Exercise data

--------------------------------

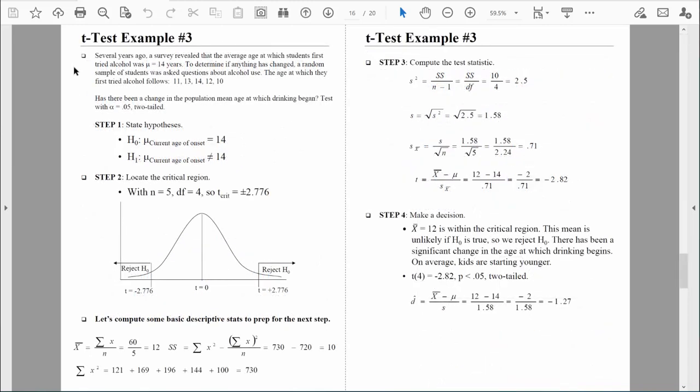Several years ago, a survey revealed that the average age at which students first tried alcohol was 14 years old. To determine if anything has changed, a random sample of students was asked about their alcohol use. The age at which they first tried alcohol is as follows — we have data from five students from this year's class. Has there been a change in the population mean age at which drinking began? Test with an alpha of 0.05, two-tailed. The results could theoretically go in either direction, so a two-tailed test makes sense.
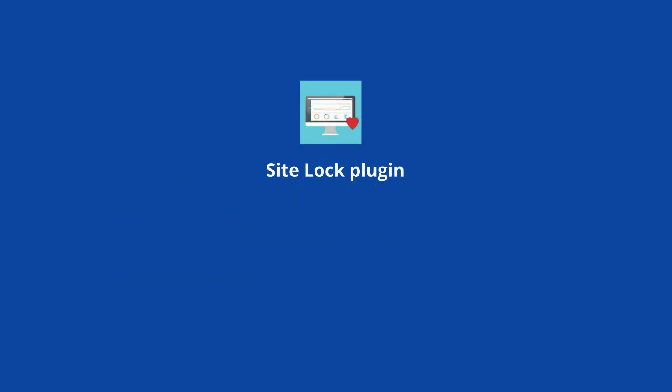At number 5 is SiteLock Plugin. It has more than 3,000 downloads and 7 5-star reviews.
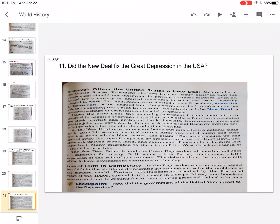Nothing seemed to work. In 1932, Americans elected a new president. Franklin D. Roosevelt, FDR, argued that the government had to take an active role in combating the Great Depression. He introduced the New Deal and a massive package of economic and social programs.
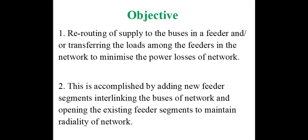The reconfiguration of distribution networks is defined as rerouting of supply to the buses in a feeder and transferring of loads among the feeders in the network to minimize the power losses. This is accomplished by adding new feeder segments interlinking the buses of network and opening the existing feeder segments to maintain radiality of network.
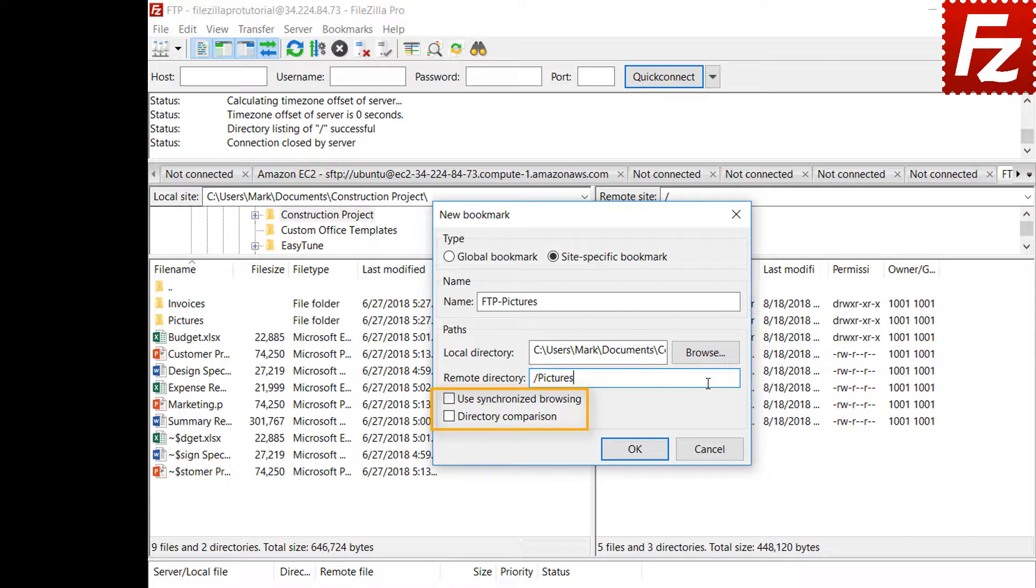You can enable synchronized browsing and directory comparison. For details on those, visit directory comparison video. You find the link in the video description.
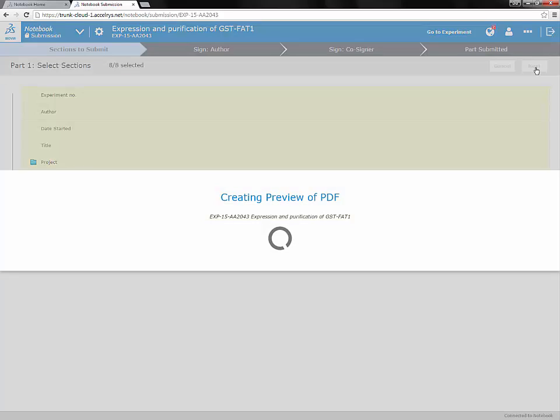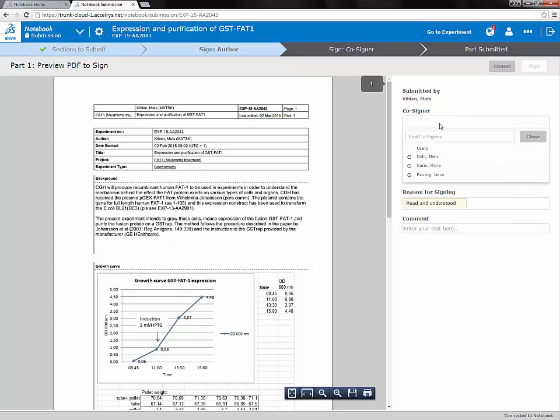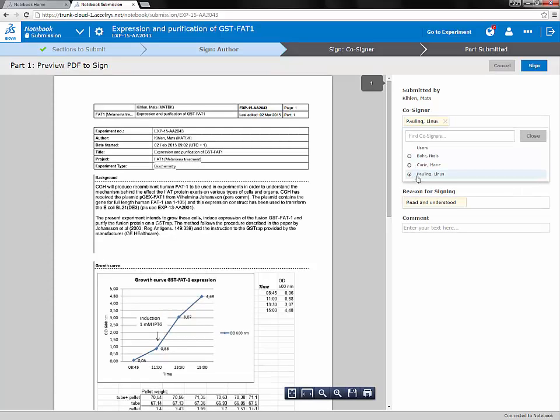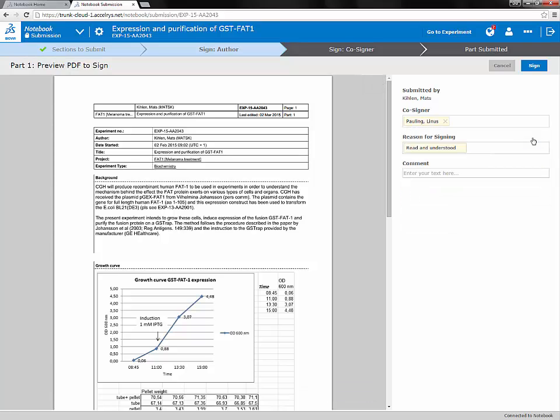Once you are happy with this, you can view the experiment PDF and choose the cosigner and region for submitting. You then add your password to add your electronic signature to the part of the experiment.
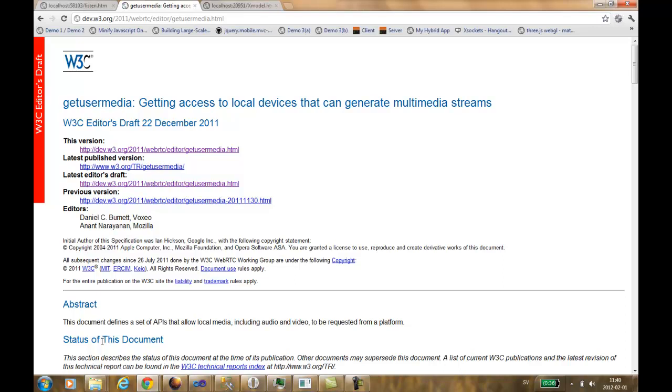I have been playing around a little bit with the new APIs. A new API called GetUserMedia, which gives us the opportunity to access local devices and subscribe to the multimedia streams.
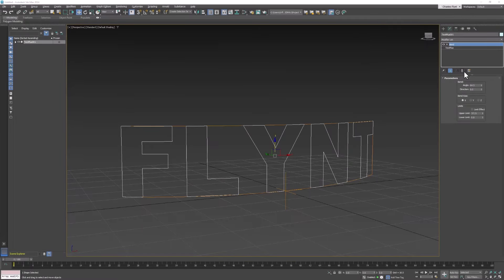Welcome back 3D students. In this video we're going to add lights and a shadow plane and a background to our scene. But before we get started I wanted to show you something cool that I did.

--------------------------------

Problem requirements
Return the listing unchanged except for the pictures, which should be dropped.

Written response
Several years ago, a survey revealed that the average age at which students first tried alcohol was 14 years old. To determine if anything has changed, a random sample of students was asked about their alcohol use. The age at which they first tried alcohol is as follows — we have data from five students from this year's class. Has there been a change in the population mean age at which drinking began? Test with an alpha of 0.05, two-tailed. The results could theoretically go in either direction, so a two-tailed test makes sense.
At number 5 is SiteLock Plugin. It has more than 3,000 downloads and 7 5-star reviews.
Nothing seemed to work. In 1932, Americans elected a new president. Franklin D. Roosevelt, FDR, argued that the government had to take an active role in combating the Great Depression. He introduced the New Deal and a massive package of economic and social programs.
The reconfiguration of distribution networks is defined as rerouting of supply to the buses in a feeder and transferring of loads among the feeders in the network to minimize the power losses. This is accomplished by adding new feeder segments interlinking the buses of network and opening the existing feeder segments to maintain radiality of network.
You can enable synchronized browsing and directory comparison. For details on those, visit directory comparison video. You find the link in the video description.
Once you are happy with this, you can view the experiment PDF and choose the cosigner and region for submitting. You then add your password to add your electronic signature to the part of the experiment.
I have been playing around a little bit with the new APIs. A new API called GetUserMedia, which gives us the opportunity to access local devices and subscribe to the multimedia streams.
Welcome back 3D students. In this video we're going to add lights and a shadow plane and a background to our scene. But before we get started I wanted to show you something cool that I did.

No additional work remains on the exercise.